Posts Tagged “condom”

My main premise behind my campaign for stigma reduction is that stigma affects how individuals act. Typically, a reduction in stigma will result in an increase in positive and healthy behaviors.

I was reading a blog about passive barriers. The author used the idea that women dont carry condoms as a point.

Our safer sex education, while sorely lacking, seems to have done a pretty good job equating condoms with safer sex. However, the society at large also has equated condoms with sex itself, which is still stigmatized and shamed.

http://www.latrobe.edu.au/ssay/assets/downloads/meaning%20safe%20sex.pdf

The Australian teenagers in this study showed that girls had harder times buying condoms and carrying them, because of the social stigma against girls and sex. Boys were more likely to purchase and carry condoms, because they could easily play it off as experimentation, or that they are allowed to have sex without social ruin.

Both genders expressed issues with condom discussions, because it typically meant that intercourse was desired. (I once answered a question about “How did I know my partner consented” with “when he puts on a condom.”) The condom is the last barrier to sex negotiations, and typically is not discussed because it means *gasp* that the people want to have sex.

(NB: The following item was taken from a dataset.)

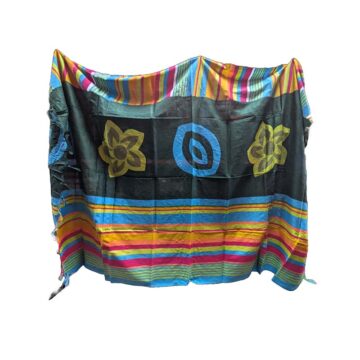 Pareo para verano color verde pino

Interestingly enough, over the entire sample (which 60% did not have intercourse), most believed that the girl was the one to supply the condom.

One of the ways that we can slow the growth of STIs, and reduce unwanted pregnancies, is by sex positive education. If teenagers (especially girls, but everyone needs to know) are able to communicate with their partners without stigma and shame, they can make more empowered decisions about their health.